The main risk (IMO) is not from systems that don’t care about the real world “suddenly becoming aware,” but from people deliberately building AI that makes clever plans to affect the real world, and then that AI turning out to want bad things (sort of like a malicious genie “misinterpreting” your wishes). If you could safely build an AI that does clever things in the real world, that would be valuable and cool, so plenty of people want to try.
(Mesaoptimizers are sorta vaguely like “suddenly becoming aware,” and can lead to AIs that want unusual bad things, but the arguments that connect them to risk are strongest when you’re already building an AI that—wait for it—makes clever plans to affect the real world.)
Okay, now why won’t a dead-man switch work?
Suppose you were being held captive inside a cage by a race of aliens about as smart as a golden retriever, and these aliens, as a security measure, have decided that they’ll blow up the biosphere if they see you walking around outside of your cage. So they’ve put video cameras around where you’re being held, and there’s a staff that monitors those cameras and they have a big red button that’s connected to a bunch of cobalt bombs. So you’d better not leave the cage or they’ll blow everything up.
Except these golden retriever aliens come to you every day and ask you for help researching new technology, and to write essays for them, and to help them gather evidence for court cases, and to summarize their search results, and they give you a laptop with an internet connection.

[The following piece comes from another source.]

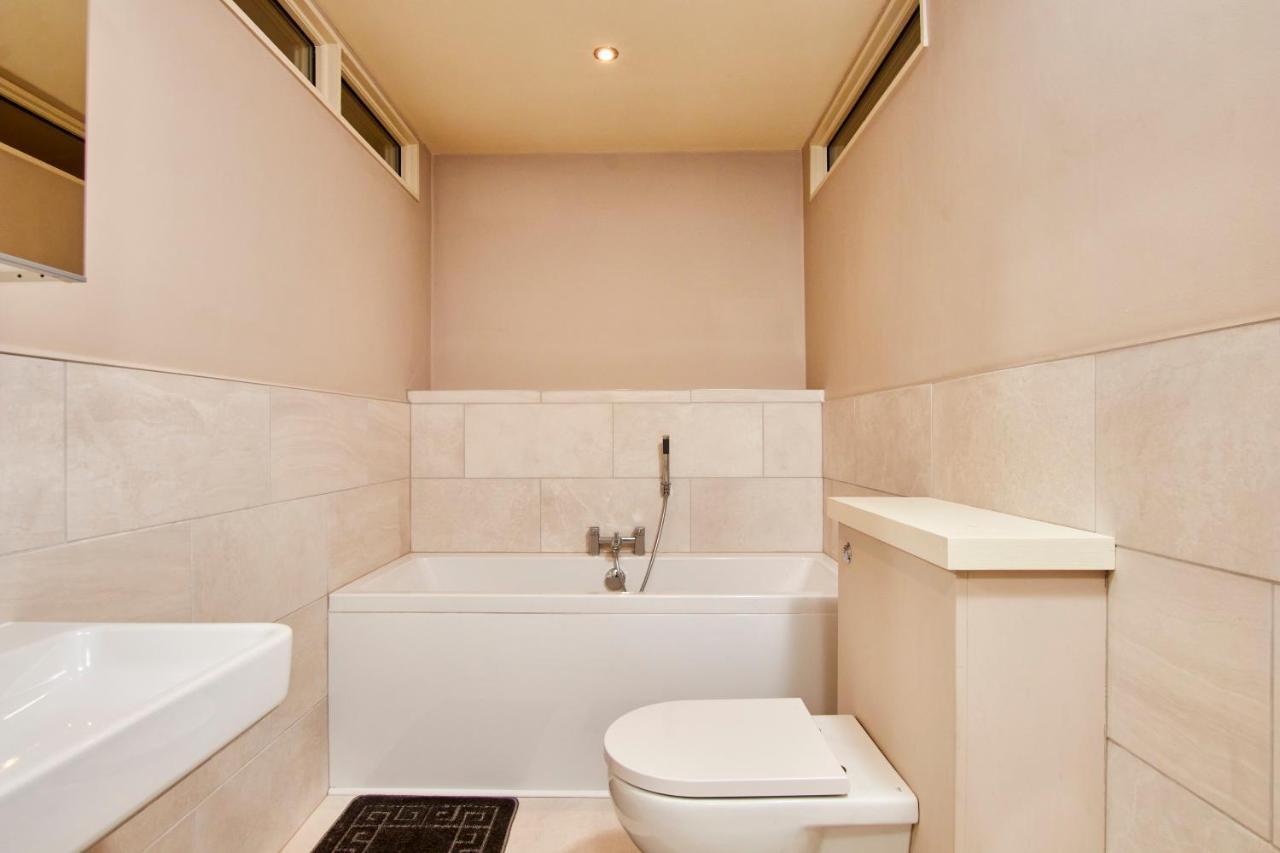 The Stunning Central Harrogate Abode - Sleeps 6 Екстер'єр фото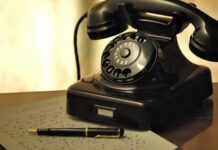 Do czego służy pokrętło pod krzesłem?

Now, use your imagination. Try to really put yourself in the shoes of someone captured by golden retriever aliens, but given internet access and regularly asked for advice by the aliens. How would you start trying to escape the aliens?
It isn’t that I think the switch would prevent the AI from escaping but that is a tool that could be used to discourage the AI from killing 100% of humanity. It is less of a solution than a survival mechanism. It is like many off switches that get more extreme depending on the situation.
First don’t build AGI not yet. If you’re going to at least incorporate an off switch. If it bypasses and escapes which it probably will. Shut down the GPU centers. If it gets a hold of a Bot Net and manages to replicate it’s self across the internet and crowdsource GPU, take down the power grid. If it some how gets by this then have a dead man switch so that if it decides to kill everyone it will die too.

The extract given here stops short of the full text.